Francine, the country's top female soccer commentator and a former MTV host, remained unrepentant in the wake of being sacked. "I am not a pothead; I am the same person I was before," she told the Brazilian talk show Join Us. "But the fact that a person consumes a substance should not turn that person into a criminal, even if that substance is bad for their health," she said.

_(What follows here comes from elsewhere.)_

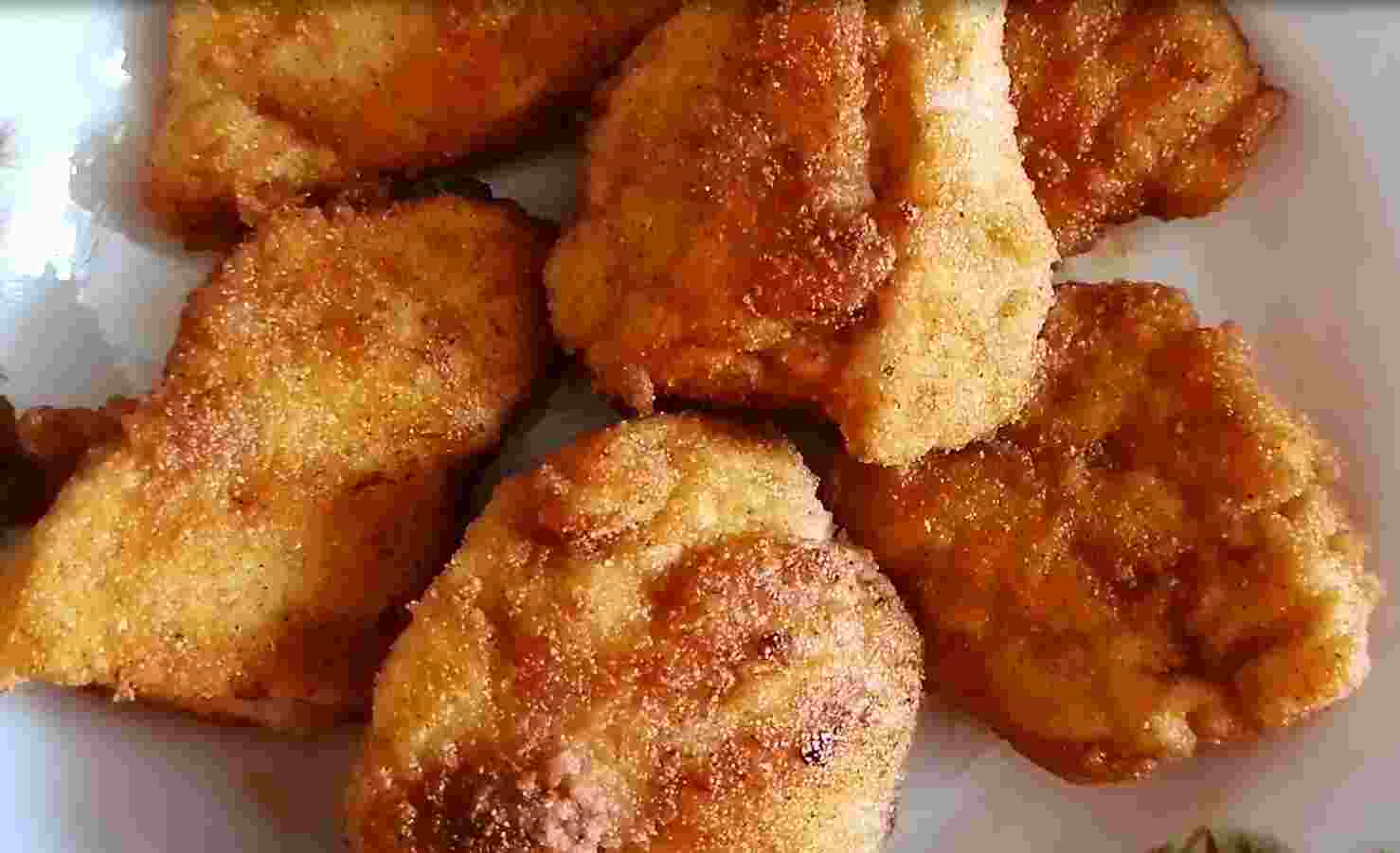 наггетсы из куриной грудки на сковороде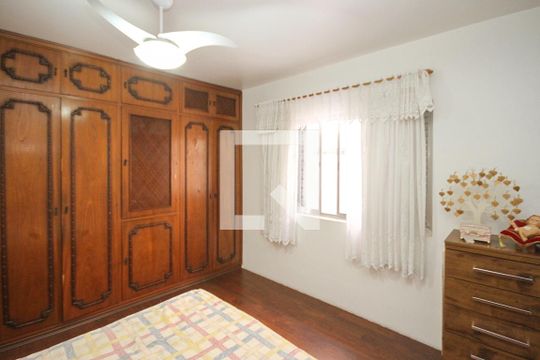 Quarto 03 de casa à venda com 3 quartos, 400m² em Chácara Mafalda, São Paulo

The Francine affair prompted former Brazilian drug czar Judge Walter Maierovitch to criticize Brazil's drug policy stance. "Brazil is moving in the opposite direction of modern approaches," he told Reuters in November. "What predominates is prohibition and bad information," he said.
Although Francine lost her job, her relatively lax treatment is an indicator of the rapid changes in Brazilian attitudes toward marijuana. Only four years ago, Brazilian authorities arrested the members of the band Planet Hemp, not for marijuana use, but for their pro-marijuana lyrics. Police literally grabbed the band members as they exited stage following a concert in Sao Paulo in November 1997 (http://www.drcnet.org/wol/020.html#brazil).
Despite the passage of the new law, Maierovitch has not changed his tune. In a December interview with Reuters, he said the policy is inspired by US anti-drug policy, but will be doomed to failure without heavy spending on US-style drug prevention campaigns. "This is a parody of a policy, a badly made draft of what should be an anti-drug policy," said Maierovitch.
Even so, the new law will have an immediate impact on Brazil's overcrowded and notoriously violent prisons. (In the latest round of prison violence, at least 30 prisoners died in fighting and rioting at the Urso Branco Penitentiary in the western state of Rondonia on January 2.) According to Brazilian prosecutor Ricardo de Oliveira Silva, the new law could reduce new prison admittances by one-third.
In enacting the new law, the Brazilian government is in some ways only adapting the legal system to social reality. According to the Christian Science Monitor, police in many Brazilian states had already been using their discretion to warn small-time drug users instead of charging them.